UoL CS Notes

Computing Joins Using Sorting

COMP207 Lectures 2021-11-16

Equijoins

An equijoin:

\[R\bowtie_{A=B}\]

is defined as:

\[\sigma_{A=B}(R\times S)\]

$A,B$ are the join attributes.

You can see an example on the following tables:

Stores

code city

12345 1

67910 2

code	city
12345	1
67910	2

Employees

name	depart
Oscar	12345
Janice	67910
David	67910

$\text{Stores}\bowtie_\text{code=depart}\text{Employees}$

code	city	name	depart
1235	1	Oscar	12345
67910	2	Janice	679810
67910	2	David	678910

Merging (Merge Sort)

If $R$ is sorted on $A$ and $S$ is sorted on $B$, then $R\bowtie_{A=B}S$ can be computed with one pass over $R$ and $S$ + run time equal to the size of the output.

With sorted tables we can just step through the columns in the constraint ($A$ and $B$) while one is smaller than the other and just print out when the constraint is matched.

This gives a runtime of:

\[O\lvert R\rvert +\lvert S\rvert +\text{size of output}\]
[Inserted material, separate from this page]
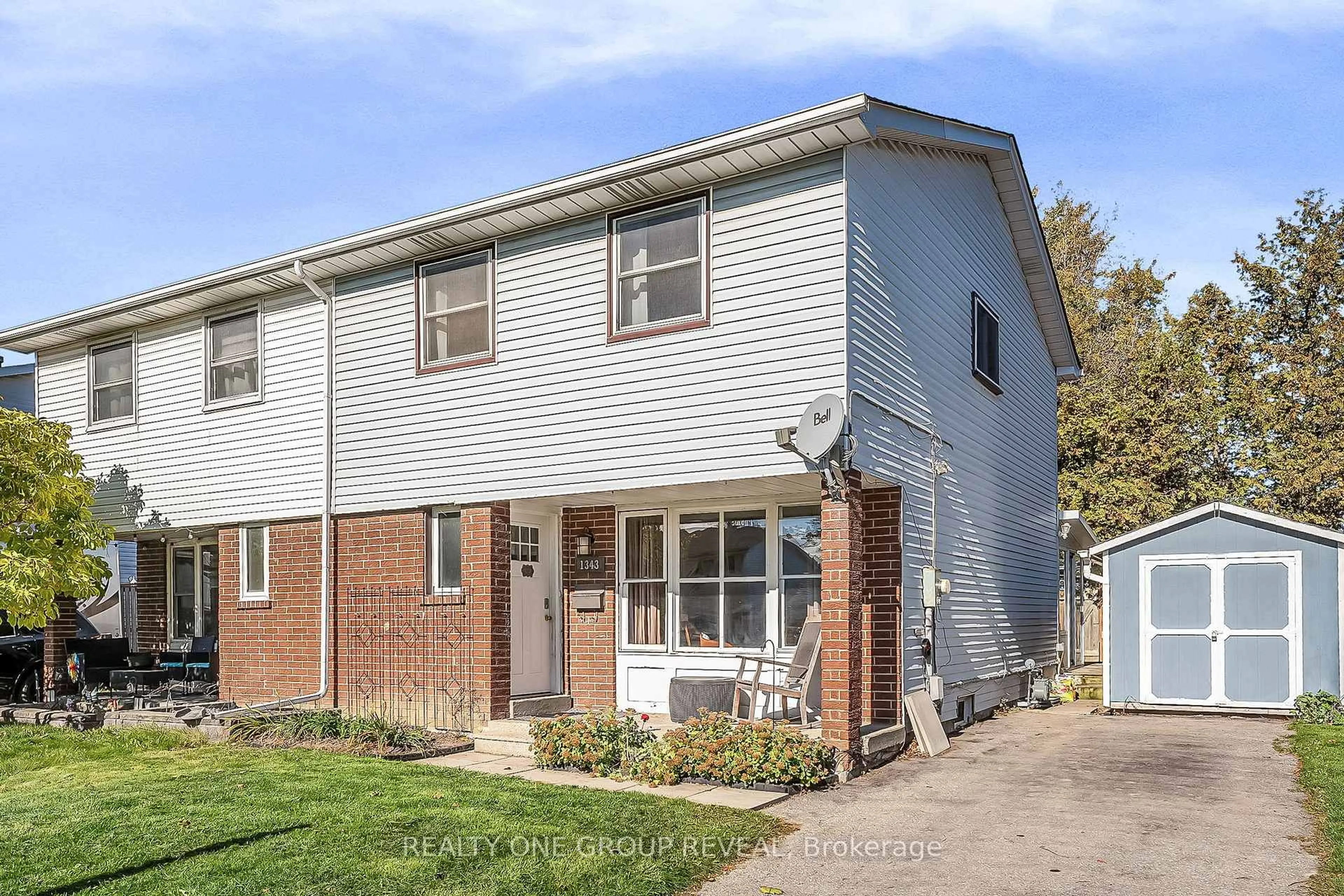 Home with brick exterior material, street for 1343 Fenelon Cres, Oshawa Ontario L1J 6G2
Merging with Duplicates in Column $A$

If there are duplicates in the left table then you can just loop through the right table again for the duplicate values.

Algorithm

You can use the following algorithm to compute this:

Sort $R$ on $A$
Sort $S$ on $B$
Merge the sorted $R$ and $S$

Running time $O(\lvert R\rvert \times \log_2\lvert R\rvert)$
Running time $O(\lvert S\rvert \times \log_2\lvert S\rvert)$
Running time O\lvert R\rvert +\lvert S\rvert +\text{size of output}

Therefore the typical running time is:

\[O(\lvert R\rvert\log_2\lvert R\rvert +\lvert S\rvert\log_2\lvert S\rvert)\]

This is much faster than nested loop join but is the same in the worse case scenario.

Running Time vs. Disk Access

$B$ - Size of a disk block (512/4k bytes)
$M$ - Number of disk blocks that fit into available RAM

Algorithm	No. of Elementary Operations	No. of Disk Accesses
Reading a relation $R$.	$O(\lvert R\rvert)$	$O(\frac{\lvert R \rvert}B)$
Sorting $R$ on attrubte $A$	$O(\lvert R\rvert\log_2\lvert R \rvert)$	$O(\frac{\lvert R\rvert}B\log_M\frac{\lvert R \rvert}B)$